Il est très important de reconnaître et de savoir que le monde est ainsi. C’est une expérience très forte car avoir un corps humain, c’est vivre presque constamment avec un sentiment d’irritation. Voyez ce qui anime la conscience d’une forme comme le corps humain qui est constitué des quatre éléments : la terre, l’eau, le feu et l’air. De la naissance à la mort, depuis l’instant où l’on naît, l’instant où l’on pleure en sortant du ventre de sa mère, on commence à pleurer. Ensuite la sensibilité, les contacts et les irritations arrivent par l’intermédiaire de ce corps, de cette forme dotée d’un système nerveux sensible, jusqu’à ce qu’elle meure. Je vous encourage à contempler ce qu’est la naissance dans ce monde au lieu de l’évaluer en fonction d’idées ou d’idéaux que vous pouvez avoir. Voilà ce que l’on appelle un état de conscience éveillée. « S’éveiller » signifie connaître le monde tel qu’il est ; ce n’est pas juger le monde. Si nous avons des idées sur la façon dont le monde devrait être, notre esprit critique va conclure : « Cela ne devrait pas être ainsi ». Quand on se dit que les pays, les gouvernements, les parents, les conjoints… devraient être comme ceci ou comme cela, on compare la réalité à un idéal, à une idée très élevée qui commence par : « Si tout était parfait… » Mais la perfection de cette sphère d’existence ne consiste pas à élever notre vécu à un instant de perfection.

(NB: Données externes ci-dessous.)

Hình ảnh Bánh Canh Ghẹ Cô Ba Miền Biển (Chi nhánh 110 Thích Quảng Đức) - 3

Les instants de perfection ne sont rien de plus que cela : merveilleux, d’une certaine manière, mais ils ne durent pas. Le flux et le mouvement de notre vie tournent autour du changement inhérent à ce monde conditionné qui nous affecte, dans lequel nous sommes engagés, immergés, dans cette forme, ce corps-esprit doté de conscience.
Observez comme le simple fait de voir, d’entendre, de goûter, de sentir et de toucher peut créer de l’irritation. Il y a toujours quelque chose qui ne va pas tout à fait bien. Il fait trop froid ou trop chaud ; on a mal à la tête ou au dos ; il y a trop de bruit, une mauvaise odeur… Tout cela entre en contact avec cette forme et nous permet de faire l’expérience de sa beauté, de sa laideur, du plaisir et de la douleur. Mais le plaisir lui-même est irritant quand on y pense. Nous apprécions les sensations de plaisir mais, quand il y en a trop, cela peut aussi être très fatigant et énervant. Il ne s’agit pas de critiquer mais simplement de remarquer le fait qu’avoir un corps humain implique tout cela – c’est ainsi. Respirer est ainsi ; être conscient est ainsi.

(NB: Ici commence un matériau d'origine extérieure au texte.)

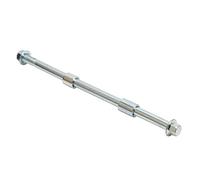 Mokuo 10mm 220mm Front Rear Axle with Bushing 6mm 20mm 32mm Fit for Motorcycle Pit Dirt Bike Moped Scooter QUAD ATV Mini Bike Parts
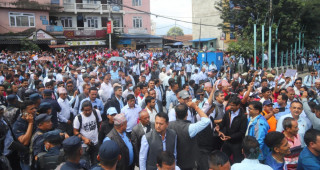 शिक्षक महासंघ र सरकारबीच गृह मन्त्रालयमा वार्ता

Voyez simplement à quel point nous sommes sensibles aux paroles et aux pensées. Quelqu’un va dire quelque chose sur un certain ton et tout le monde va en être perturbé. Certains mots peuvent aussi causer beaucoup de peine. On peut également se souvenir d’événements passés, agréables ou désagréables. On peut être obsédé par des regrets ; ressentir beaucoup de culpabilité, de remords ou de colère contre soi-même à cause d’erreurs, d’échecs ou de mauvaises actions commises dans le passé dont nous nous souvenons maintenant. On peut être vraiment névrosé lorsque, dans l’instant présent, on est complètement obsédé par quelque chose que l’on n’aurait pas dû faire vingt ans plus tôt. On peut se laisser aller à des états de profonde dépression et de véritable désespoir.

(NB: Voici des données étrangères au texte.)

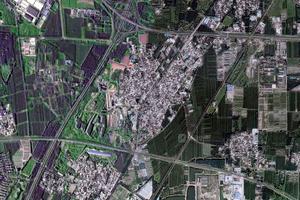 大十三里村衛星地圖-北京市房山區閻村鎮吳庄村地圖瀏覽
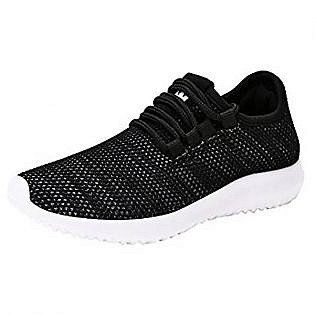 Ultifree Women's Knit Running Shoes Lightweight Mesh Sneaker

Naître dans une forme humaine est un vrai défi : comment faire le meilleur usage de cette naissance, de cette expérience humaine, de cet état sensible dans lequel nous vivons ? Certaines personnes envisagent le suicide « pour en finir » ; c’est trop dur à supporter, intenable, toute une vie d’irritation constante, de culpabilité, de remords et de peur de l’inconnu. C’est parfois tellement affreusement déprimant que l’on pense qu’il vaut mieux se suicider. Ou alors, comme le Bouddha nous y encourage, nous pouvons nous éveiller à cette vie, apprendre d’elle, la voir comme un défi, comme une occasion de nous instruire. Nous pouvons développer la sagesse en fonction des circonstances et des expériences que cette vie nous apporte – qui ne sont pas nécessairement les plus favorables. Beaucoup parmi nous ont dû subir toutes sortes de frustrations, de déceptions, de désillusions et d’échecs. Bien sûr, si nous prenons cela personnellement, nous voulons en finir au plus vite. Mais, si nous replaçons les choses dans le contexte d’un apprentissage du monde tel qu’il est, nous pouvons tout encaisser. Nous avons une incroyable capacité à apprendre, même des situations les plus injustes, terribles, douloureuses ou révoltantes. Rien de cela ne peut empêcher l’éveil. La vraie question est : allons-nous utiliser ces situations pour nous éveiller – ou pas ?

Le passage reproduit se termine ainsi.